— Work to complete —
Wherever a picture appears, leave it out, and transcribe the rest of the records exactly.

- - - - -

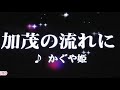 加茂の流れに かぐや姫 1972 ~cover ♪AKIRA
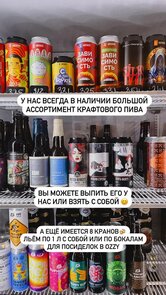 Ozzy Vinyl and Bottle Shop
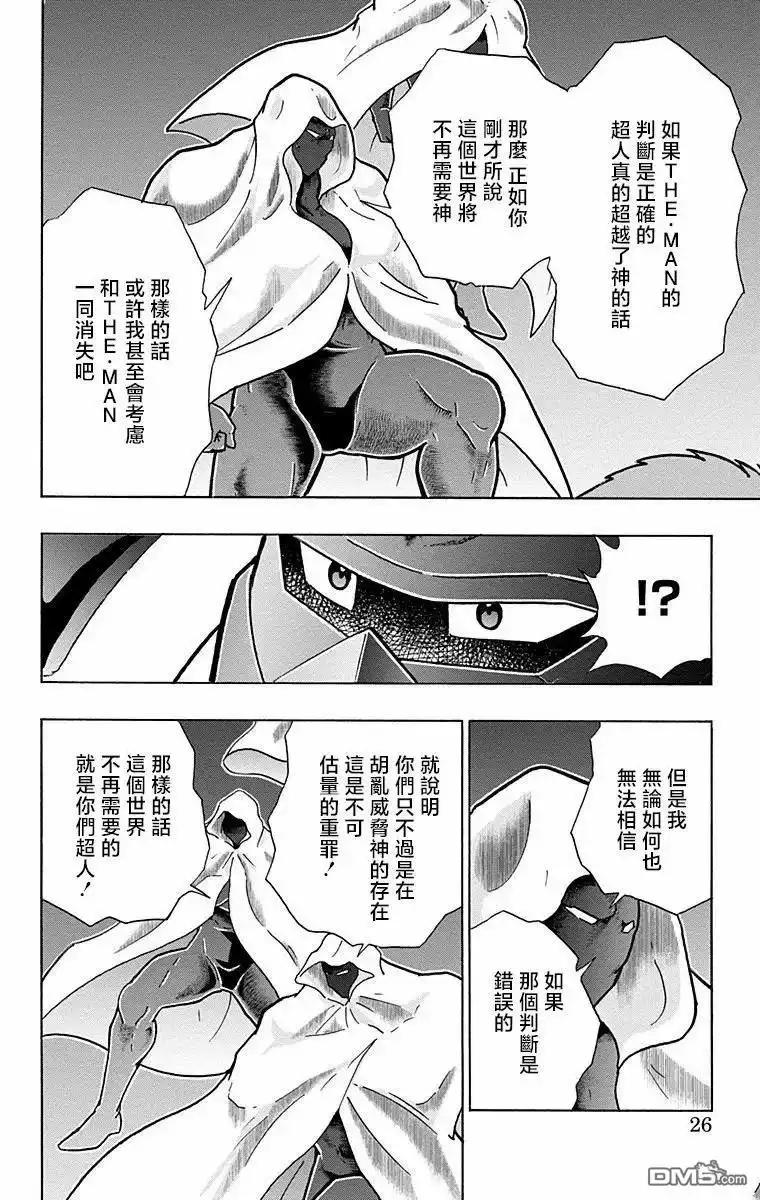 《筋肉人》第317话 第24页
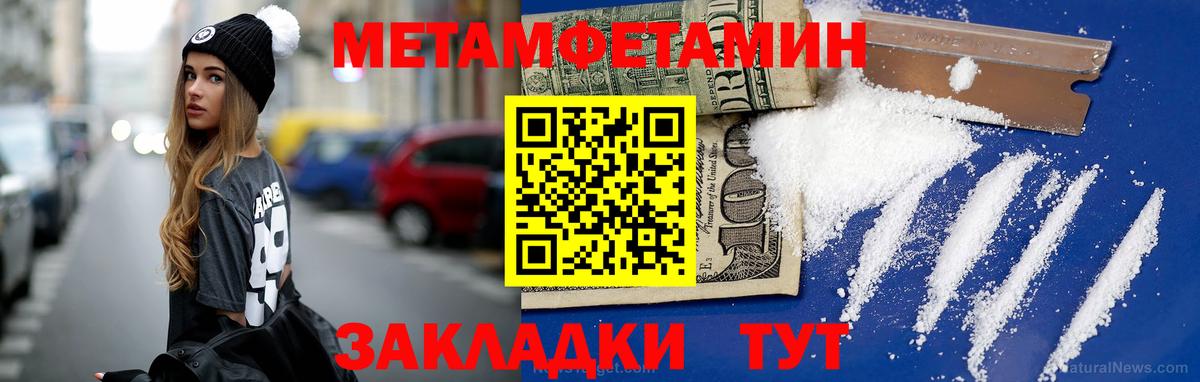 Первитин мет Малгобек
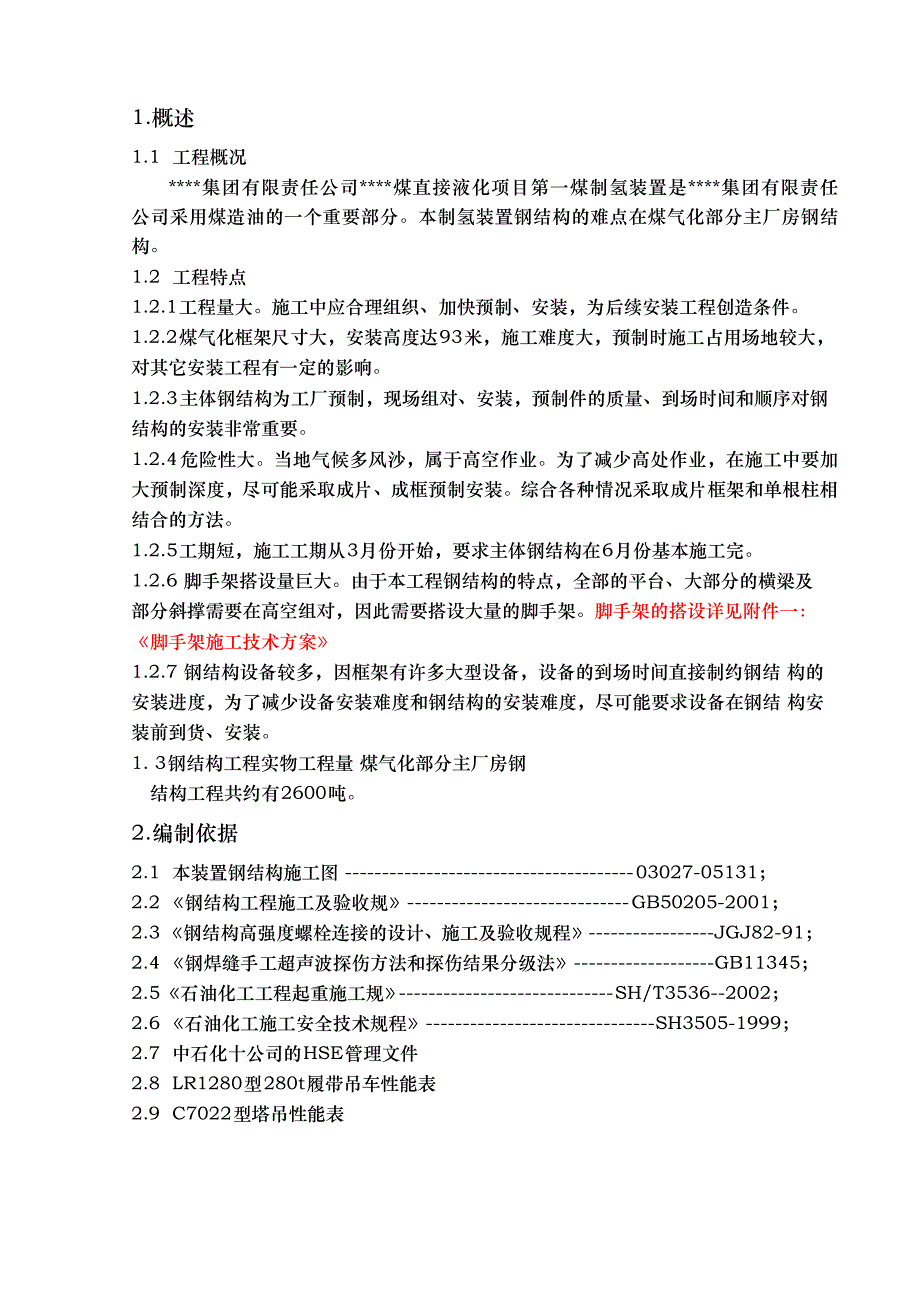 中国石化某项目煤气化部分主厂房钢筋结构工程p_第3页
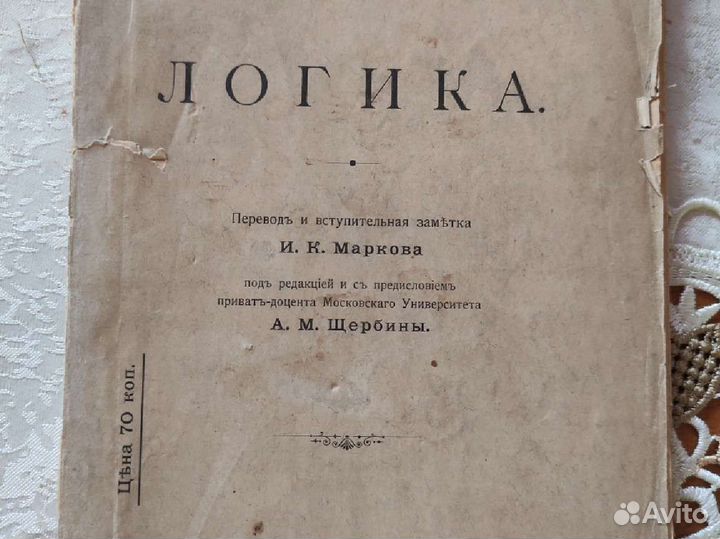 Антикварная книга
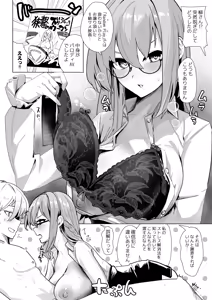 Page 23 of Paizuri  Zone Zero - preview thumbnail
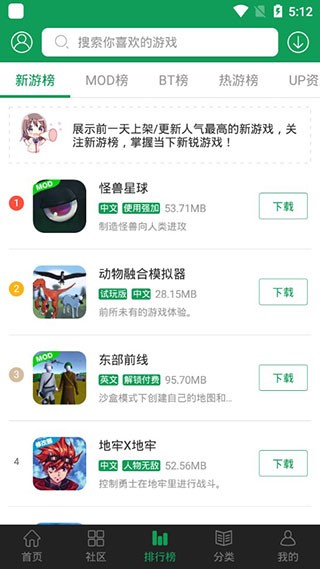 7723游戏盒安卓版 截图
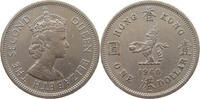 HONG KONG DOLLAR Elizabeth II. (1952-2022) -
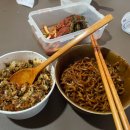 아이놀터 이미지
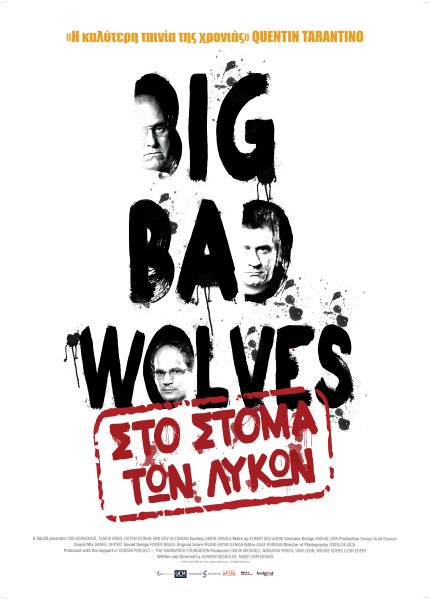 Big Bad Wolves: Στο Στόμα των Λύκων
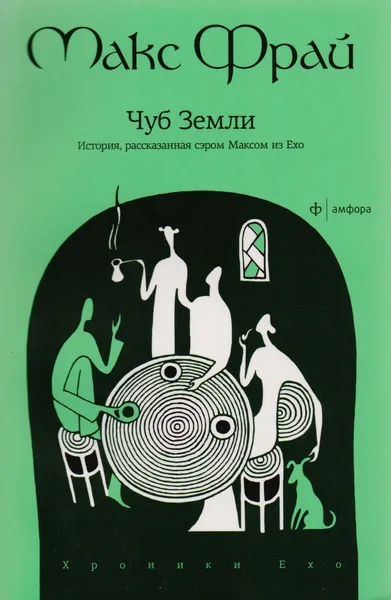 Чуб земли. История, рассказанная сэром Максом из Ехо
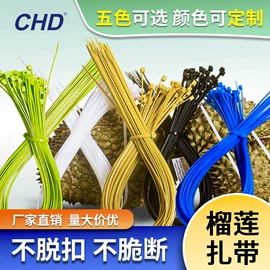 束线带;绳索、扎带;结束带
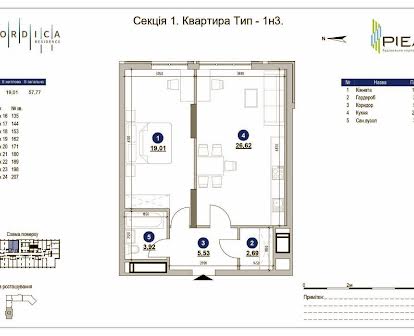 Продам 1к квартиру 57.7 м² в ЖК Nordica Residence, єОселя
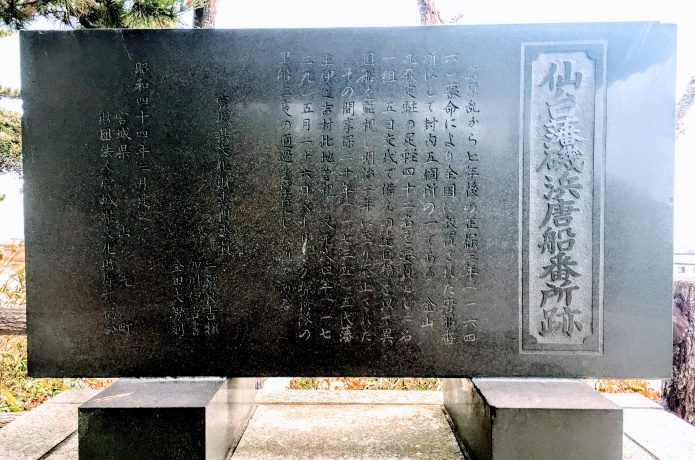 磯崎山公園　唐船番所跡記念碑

- - - - -

— Answer below —
 加茂の流れに かぐや姫 1972 ~cover ♪AKIRA
 Ozzy Vinyl and Bottle Shop
 《筋肉人》第317话 第24页
 Первитин мет Малгобек
 中国石化某项目煤气化部分主厂房钢筋结构工程p_第3页
 Антикварная книга
 Page 23 of Paizuri  Zone Zero - preview thumbnail
 7723游戏盒安卓版 截图
 HONG KONG DOLLAR Elizabeth II. (1952-2022) -
 아이놀터 이미지
 Big Bad Wolves: Στο Στόμα των Λύκων
 Чуб земли. История, рассказанная сэром Максом из Ехо
 束线带;绳索、扎带;结束带
 Продам 1к квартиру 57.7 м² в ЖК Nordica Residence, єОселя
 磯崎山公園　唐船番所跡記念碑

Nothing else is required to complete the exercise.